After successful trials the new type was ordered immediately. 37 new planes were ordered from Grumman, and another 108 were converted from OV-1Bs and OV-1Cs. All new OV-1Ds received more powerful Lycoming 1-53-701 engines. The 37 new aircraft were delivered during December 1970, and the 108 others were converted to the new standard by 1980.
First operational experience quickly proved that upgrading had been the correct decision. Conversion from SLAR to IR configuration could be accomplished in less than a hour, and the OV-1D could be ready for a new mission very quickly. Combat experience in the Viet Nam War led to improvement in many defense systems. At the same time a new all-surface reflective grey paint scheme was successfully tested. This new paint reduced visibility and IR reflection. Soon all OV-1Ds received the grey paint scheme.
The first real combat use of the OV-1D, like for the other OV-1 versions, was in Viet Nam. The OV-1D was also delivered to the US Army Group in West Germany during the latter days of the Cold War, and to South Korea, where the USAAF had a very large force stationed.
France and Germany planned to purchase the OV-1D but these plans were later cancelled.

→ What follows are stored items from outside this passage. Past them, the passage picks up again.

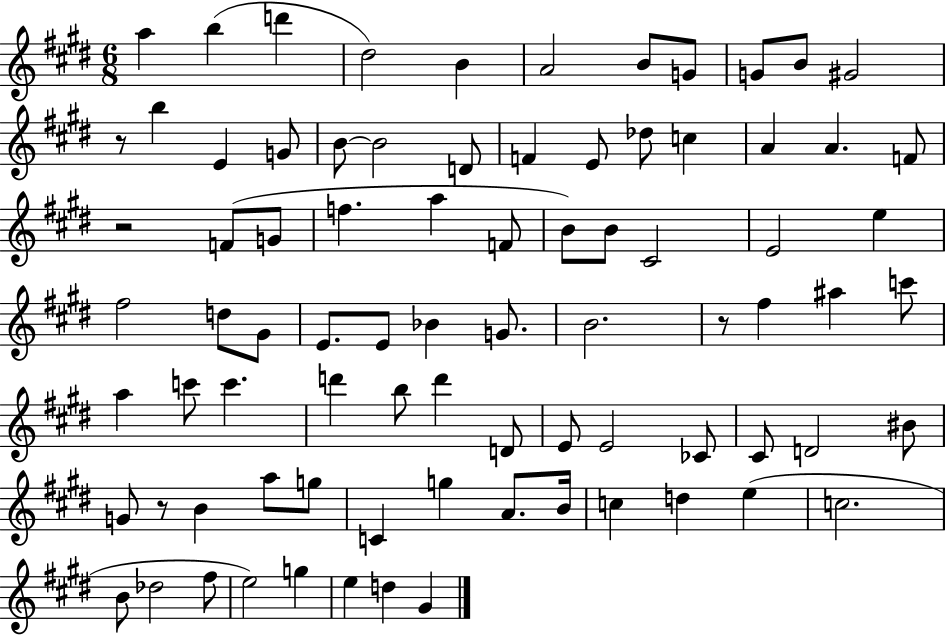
A5/q B5/q D6/q D#5/h B4/q A4/h B4/e G4/e G4/e B4/e G#4/h R/e B5/q E4/q G4/e B4/e B4/h D4/e F4/q E4/e Db5/e C5/q A4/q A4/q. F4/e R/h F4/e G4/e F5/q. A5/q F4/e B4/e B4/e C#4/h E4/h E5/q F#5/h D5/e G#4/e E4/e. E4/e Bb4/q G4/e. B4/h. R/e F#5/q A#5/q C6/e A5/q C6/e C6/q. D6/q B5/e D6/q D4/e E4/e E4/h CES4/e C#4/e D4/h BIS4/e G4/e R/e B4/q A5/e G5/e C4/q G5/q A4/e. B4/s C5/q D5/q E5/q C5/h. B4/e Db5/h F#5/e E5/h G5/q E5/q D5/q G#4/q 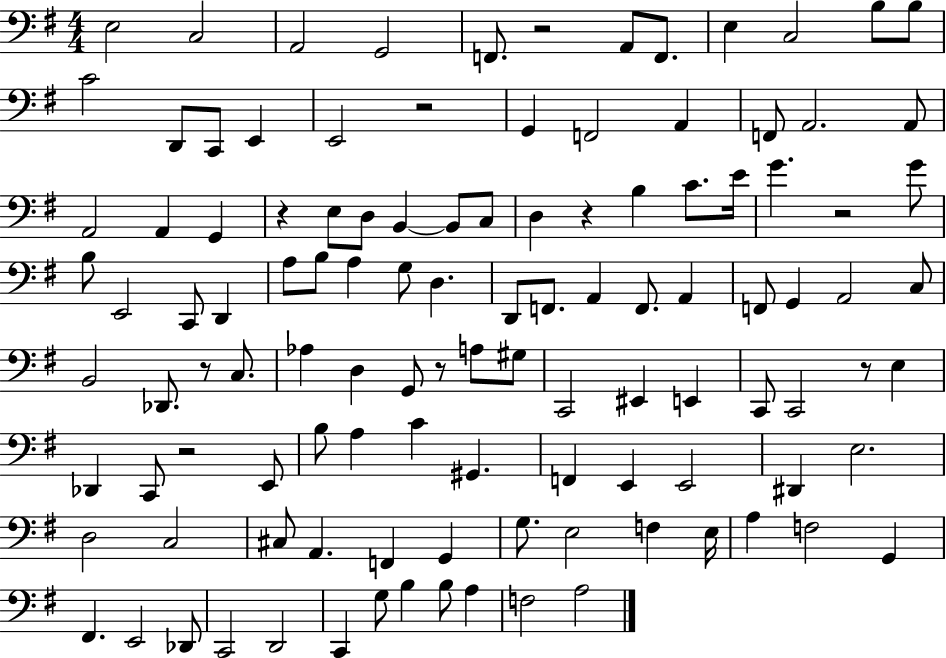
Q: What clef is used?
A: bass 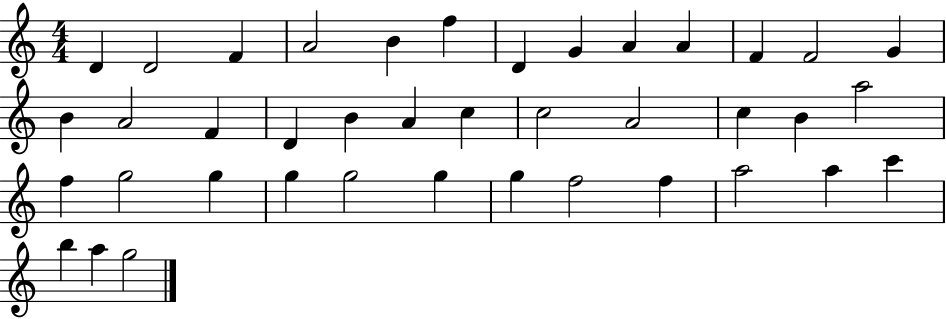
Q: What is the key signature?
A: C major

The only OV-1Ds to be exported were two OV-1Ds delivered to Israel, where they were used to support the monitoring of the Yom-Kippur War ceasefire, but in 1984 both OV-1Ds were returned to the USA. Argentina also planned to purchase twenty OV-1Ds, but economic crisis in the country forced cancellation of the contract.
The last combat use for the OV-1D was during the Desert Storm operation against Iraq in 1991. As usual, they were used for reconnaissance. The Iraqi AA system had been quickly destroyed and the OV-1D suffered no losses.
Like the OV-1B and OV-1C, the OV-1D was also used in non-military operation. The Custom Service, the Department of the Interior, and the Geological Survey used the type extensively.
Some OV-1Ds were converted into the RV-1D during the ELINT (electronic intelligence) program. And after the introduction of the GPS system in the mid- 1980s, all OV-1Ds were re-equipped with GPS.
In the mid-1990s the Mohawk was declared obsolete and withdrawn from military service. The majority were destroyed, while some were transferred to the Davis Monathan Aircraft cemetery. But some OV-1Ds were lucky and passed into the hands of this machine's many enthusiasts. Now they form 'OV-1 Associations' and every year they give demonstration flights of this unusual looking machine, whose service is still going strong after more than 30 years.